Keratomycosis With Superadded Bacterial Infection Due To Corticosteroid Abuse-A Case Report
Correspondence Address :
DR.V.Anil Kumar
(MD)Microbiology, Clinical Assistant Pofessor Dept. of Microbiology Amrita Institute of medical sciences Ponekara ,kochi,Kerala-682041,(India)
E.mail:vanilkumar@aims.amrita.edu
PH:Off:0484-2801234(Extn:8010,8015)
Mob:09746686414
We report a case of keratomycosis by Aspergillus flavus with superadded bacterial infection by Pseudomonas aeruginosa. An 83 years old male patient was referred to our institute with pain and copious mucopurulent discharge from the left eye of 15 days duration. Clinically, the case was diagnosed as keratomycosis. Gram stain showed Gram variable fungal elements and Gram negative bacteria, while the potassium hydroxide preparation showed branching septate hyphae.
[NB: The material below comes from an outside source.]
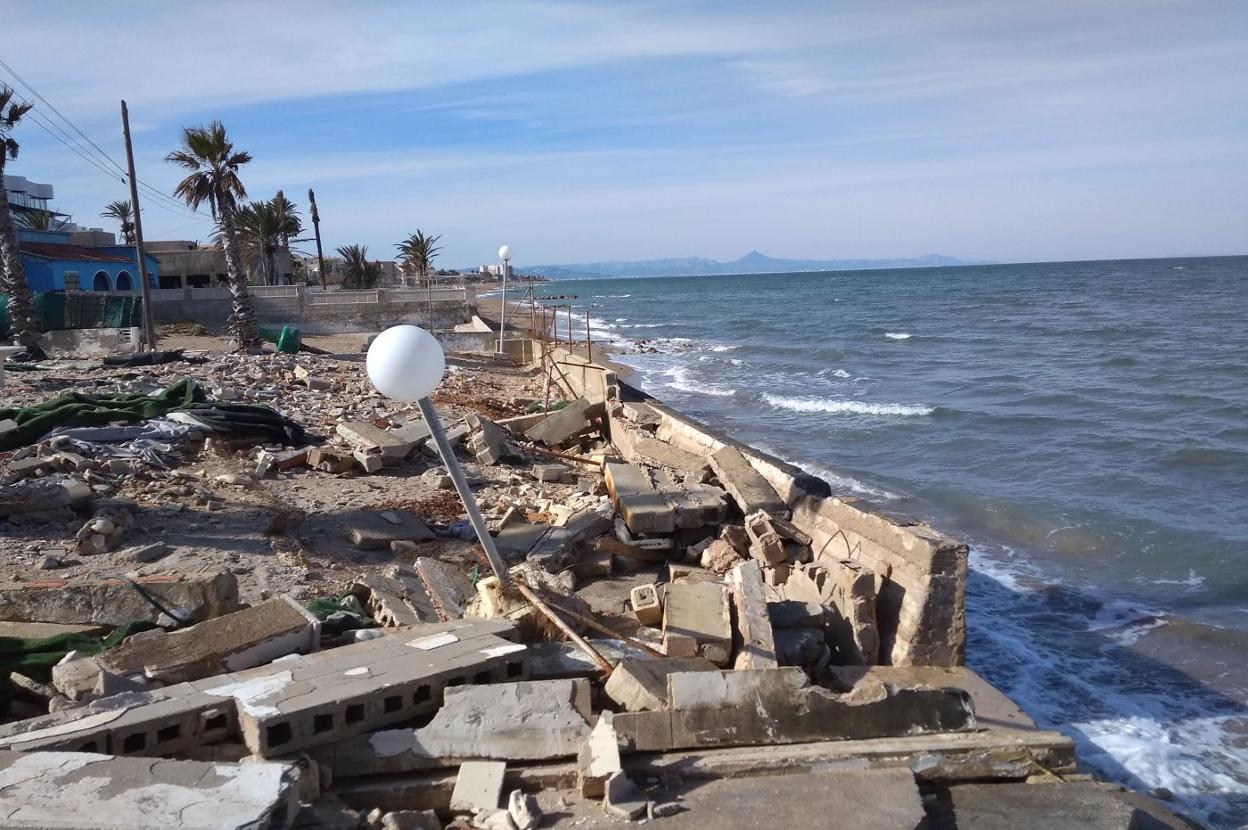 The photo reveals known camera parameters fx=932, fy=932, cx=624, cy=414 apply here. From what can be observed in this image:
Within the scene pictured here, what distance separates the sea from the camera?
25.0ft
mycotic keratits, Aspergillus flavus, corticosteroids
Introduction
Keratomycosis is a clinical entity which is defined as the infection of the corneal stroma which is caused by a variety of fungal species. The majority of keratomycosis cases occur among the agricultural workers following corneal trauma with vegetative material contaminated with fungi. More than 70 genera of moulds and yeast have been associated with keratomycosis (1). Hyaline moulds like aspergillus and fusarium are more frequently isolated as causative agents than the phaeoid (dematiaceous) mould (2),(4) .Fusarium and aspergillus dominate the list of the causative agents of keratomycosis. Concomitant occurrence of bacterial and fungal keratitis is not an uncommon occurrence. Staphyloccous aureus is the most common cause of bacterial keratitis. Pseudomonas aeruginosa is assuming predominance and is frequently reported as a cause of keratitis in association with daily or extended wear soft contact lenses, as a contaminant in the hospital environment, in fluoroscein solution, in cosmetics and in burns patients.
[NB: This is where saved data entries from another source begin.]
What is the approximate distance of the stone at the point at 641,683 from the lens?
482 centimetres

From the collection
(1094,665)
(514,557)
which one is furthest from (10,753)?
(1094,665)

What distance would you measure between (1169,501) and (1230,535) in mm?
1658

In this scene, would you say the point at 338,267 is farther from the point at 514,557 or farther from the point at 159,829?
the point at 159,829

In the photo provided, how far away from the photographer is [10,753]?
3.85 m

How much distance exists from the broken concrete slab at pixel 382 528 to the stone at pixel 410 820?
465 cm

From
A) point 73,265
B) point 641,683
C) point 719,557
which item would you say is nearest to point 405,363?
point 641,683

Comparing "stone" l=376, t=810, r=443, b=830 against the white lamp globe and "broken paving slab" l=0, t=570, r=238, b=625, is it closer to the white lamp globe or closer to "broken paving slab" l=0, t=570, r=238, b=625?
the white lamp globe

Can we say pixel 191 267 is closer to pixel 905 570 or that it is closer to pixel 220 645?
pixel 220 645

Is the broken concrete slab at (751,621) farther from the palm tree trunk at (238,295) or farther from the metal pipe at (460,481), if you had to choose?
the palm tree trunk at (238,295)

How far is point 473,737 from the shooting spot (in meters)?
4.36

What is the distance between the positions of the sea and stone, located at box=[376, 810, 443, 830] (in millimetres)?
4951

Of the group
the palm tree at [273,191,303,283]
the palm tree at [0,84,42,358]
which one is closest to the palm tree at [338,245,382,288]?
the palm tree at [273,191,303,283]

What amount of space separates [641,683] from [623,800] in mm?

An 83 year old male villager presented with pain and copious mucopurulent discharge from left eye since 15 days. He gave a history of cataract surgery by phacoemulsification 3 months ago, with insertion of a posterior capsule intra ocular lens (IOL). The patient was relatively asymptomatic till 2 months ago, while regularly attending follow-up. He was prescribed dexamethasone and chloramphenicol eye drops, one drop six times daily for one week, followed by one drop four times daily for four weeks, which were to be gradually tapered off. Initially, he complained of slight discomfort with foreign body sensation in his operated eye. The patient increased the frequency of the drops with the belief that it would bring relief. On the contrary, his condition worsened and he started complaining of photophobia and profuse sticky discharge. By the time he presented in our institute, he had a severe form of the ulcerative disease.
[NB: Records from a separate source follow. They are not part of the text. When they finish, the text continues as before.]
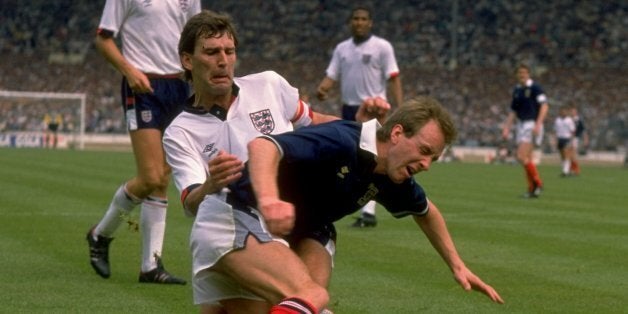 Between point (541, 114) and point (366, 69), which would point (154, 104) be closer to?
point (366, 69)

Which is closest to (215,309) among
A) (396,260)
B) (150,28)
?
(150,28)

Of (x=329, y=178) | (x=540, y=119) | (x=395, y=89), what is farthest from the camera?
(x=540, y=119)

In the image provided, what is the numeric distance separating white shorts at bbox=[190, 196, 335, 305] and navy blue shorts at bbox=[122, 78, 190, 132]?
337cm

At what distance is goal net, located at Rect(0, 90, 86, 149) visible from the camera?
49.3 meters

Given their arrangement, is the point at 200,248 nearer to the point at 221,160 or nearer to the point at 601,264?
the point at 221,160

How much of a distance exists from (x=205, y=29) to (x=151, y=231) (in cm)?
313

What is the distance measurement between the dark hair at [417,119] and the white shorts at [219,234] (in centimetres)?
60

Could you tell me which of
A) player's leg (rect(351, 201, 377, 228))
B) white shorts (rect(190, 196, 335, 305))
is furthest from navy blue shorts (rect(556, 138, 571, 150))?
white shorts (rect(190, 196, 335, 305))

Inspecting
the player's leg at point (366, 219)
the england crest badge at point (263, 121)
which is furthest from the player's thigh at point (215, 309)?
the player's leg at point (366, 219)

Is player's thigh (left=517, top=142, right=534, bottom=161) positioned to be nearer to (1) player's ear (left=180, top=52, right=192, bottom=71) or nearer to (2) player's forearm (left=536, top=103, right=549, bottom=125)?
(2) player's forearm (left=536, top=103, right=549, bottom=125)

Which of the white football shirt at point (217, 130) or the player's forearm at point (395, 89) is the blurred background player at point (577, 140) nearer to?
the player's forearm at point (395, 89)

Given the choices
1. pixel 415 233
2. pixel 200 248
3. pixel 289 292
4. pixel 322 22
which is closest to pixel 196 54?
pixel 200 248

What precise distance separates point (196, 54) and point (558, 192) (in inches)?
694

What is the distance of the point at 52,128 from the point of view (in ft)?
163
On ocular examination, a central corneal ulcer, 10mm in diameter and whitish on the surface with characteristic feathery edges in the left eye was seen. There was a copious amount of mucopurulent yellowish green exudate that adhered tenaciously to the ulcer surface and covered the conjunctiva. The bulbar and palpebral conjunctivas were diffusely congested and vision was impaired in that eye. The right eye was opthalmologically normal. For microbiological examination, corneal scraping was collected under aseptic conditions and topical natamycin therapy was started.
A Potassium hydroxide (KOH) preparation revealed thick hyaline septate hyphae exhibiting acute angled branching. Gram stain revealed Gram variable hyphae with many pus cells and Gram negative bacteria. On blood agar, beta haemolytic colonies appeared after overnight incubation. The organism was oxidase positive, it produced a green pigment when it was subcultured on nutrient agar and it was identified as Pseudomonas aeruginosa by standard biochemical reactions. The isolate was sensitive to ceftazidime, ciprofloxacin, pefloxacin, amikacin and gentamicin. After five days of incubation at room temperature, sabourauds dextrose agar (SDA) showed a velvety yellow to green colony with a red brown reverse. On the basis of morphological features in slide culture, the isolate was identified as Aspergillus flavus. Since the patient had extensive ulceration, he was put on parenteral ofloxacin, oral fluconazole and topical natamycin and ciprofloxacin eye drops. The patient started responding from the third day onwards and was discharged after 15 days of intensive therapy.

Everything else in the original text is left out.